Together, Miller, 68, and McKeon, 75, racked up more than 60 years of Capitol Hill experience, institutional knowledge that will vanish at the end of this Congress.
"I think the retirements this year are particularly significant," Rep. Bill Pascrell, a nine-term Democratic lawmaker from New Jersey, told the Washington Examiner. "It's not the numbers. It's the people who are leaving."
The latest mass exodus of Capitol Hill veterans is often read as evidence that lawmakers themselves have grown so frustrated with a gridlocked Congress that they're abandoning it. And certainly the institution's intense partisanship, low production rate and plummeting popularity have weighed on lawmakers. In his retirement announcement, McKeon said, “What you have is a real problem in trying to get things together, in trying to get things to happen.”
But a glut of retirements is a fairly routine matter every two years in Congress when some of the 535 members of the House and Senate call it quits either for personal reasons such as age or health or because their re-election prospects look dim. This year is no different, and the reasons are just as varied as in the past.
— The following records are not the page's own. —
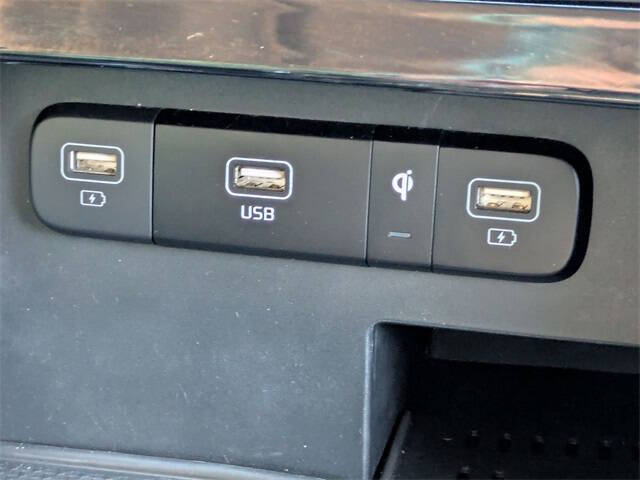 2024 Kia Carnival SX Prestige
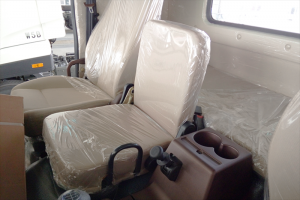 重汽王牌 W5D-M中卡 180马力 4X2 6.8米 国四仓栅式载货车(CDW5161CCYA1N4L)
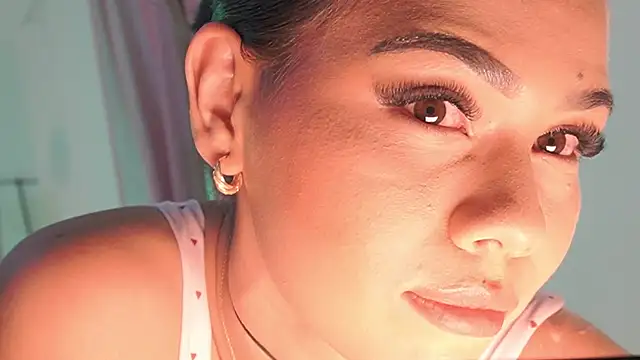 Snapshot of SakuraKato chatting on 12, 4, 2026 SakuraKato online show from 12, 4, 2026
McKeon said the chief reason he's leaving is that the rules prevent him from remaining chairman of the House Armed Services Committee, leaving him without a leadership post next year.
So far, six Democrats and 10 Republicans in the House announced their retirements. In the Senate, five Democrats and three Republicans are calling it quits, and those numbers are likely to grow as re-election decisions near. In the past, it wasn't unusual to have 20 House members retire together.
Still, many of latest departures are respected veterans, including seven House members who served at least 10 terms each.
Moran told the Examiner he's leaving, in part, because partisan gridlock has made lawmakers less effective. And the public's growing distrust of government has made it impossible to pass high-impact, New Deal-style social programs to help those left behind by the economic recovery, he said.
"We've settled into a new norm," Moran said. "The government is not going to be able to play the role in people's lives that it traditionally has played."
Miller's departure is a particular blow to House Minority Leader Nancy Pelosi, a fellow Californian for whom Miller has been a top lieutenant and close friend. It was Miller who helped guide Pelosi's rise up the leadership ranks to eventually make her the first female House speaker.
Miller has seen control of the House change three times. As a Democrat, he doesn't expect to be back in the majority after elections this November, but he insists that is not why he's leaving.
"Would I prefer to have the gavel? You betcha," Miller told the Examiner. "But for me, this is about looking at a body of work. This has been a great run. Forty years is a long time, so I just said to myself, 'This makes sense.' "
House Speaker John Boehner, R-Ohio, is losing a top lieutenant of his own with the departure of Rep. Tom Latham, R-Iowa, who is leaving after nearly 20 years in office even though he was expected to easily win an 11th term.
"It is never a perfect time or a right time to step aside," Latham said. "But for me, this is the time."